3/25/2008

Apa itu Neoliberalisme ?

Sejarah singkat Neoliberalisme ialah sebuah varian terbaru dari liberalisme perdagangan klasik yang muncul abad ke-18. Liberalisme perdagangan klasik dipelopori oleh Adam Smith dalam bukunya The Wealth of Nation. Liberalisme perdagangan pada saat itu memicu terjadinya kolonialisme yang menimpa bangsa-bangsa di luar Eropa. Inggris dan negara imperialis Eropa lainnya menjadikan liberalisme perdagangan ini sebagai pembenaran mereka untuk berekspansi dan melakukan penjajahan. Liberalisme perdagangan klasik secara formal berakhir tahun 1930-an ketika terjadinya depresi besar yang ditandai terpuruknya perekonomian dunia.

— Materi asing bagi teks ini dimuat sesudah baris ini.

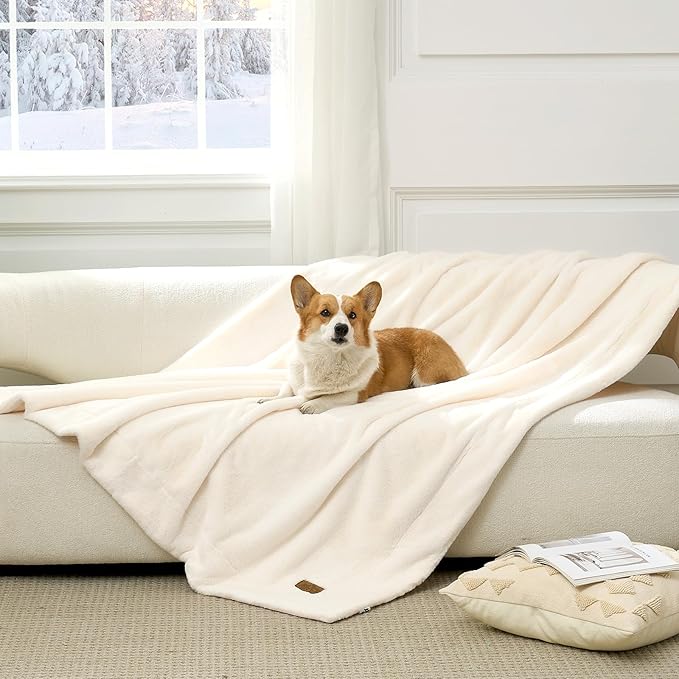 Waterproof Pet Blanket, Ultra Soft Luxury Faux Fur Throw Blanket by COZYKISS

Terjadinya depresi ekonomi hebat memunculkan fakta bahwa sistem perekonomian didasarkan kebebasan ekonomi ini tengah kolaps dan mengancam negara-negara kapitalis imperialis ke jurang kebangkrutan. Kebebasan perdagangan yang menjadi inti sistem perekonomian dunia pada saat itu dianggap gagal. Depresi ini bisa tertanggulangi setelah John Maynard Keynes memunculkan ide barunya untuk menanggulangi krisis dengan menuntut kembali peran pemerintah dari setiap negara pada jalannya perekonomian. Dari Keynes pula ide penataan ekonomi dunia pasca PD II digulirkan. Keynes mengajukan gagasan agar dilakukan perbaikan sistem ekonomi melalui tindakan kolektif berskala global.

Kelanjutan gagasan ini diterjemahkan dengan lahirnya kebijakan ekonomi untuk membangun kapitalisme global, ditandai pula dengan berdirinya IMF dan Bank Dunia tahun 1945. Dari dua lembaga keuangan internasional inilah konsep ekonomi Neoliberalisme dirumuskan, tatanan dunia baru diwujudkan. Inti neoliberalisme Liberalisme pada intinya memperjuangkan leissez faire (persaingan bebas) yang menuhankan hak-hak atas kepemilikan dan kebebasan inividual. Para penganut liberalisme ekonomi percaya bahwa perkembangan ekonomi akan berjalan dengan lancar dan memberikan kemakmuran pada masyarakat jika mekanisme ekonomi dibebaskan dari segala halang rintangan. Oleh karena tidak adanya halangan dalam perdagangan maka yang berlaku hanyalah hukum pasar. Harapan akan kemakmuran itu akan terwujud ketika keadaan pasar yang kompetitif ikut meneteskan kemakmuran ke bawah (trickle down effect).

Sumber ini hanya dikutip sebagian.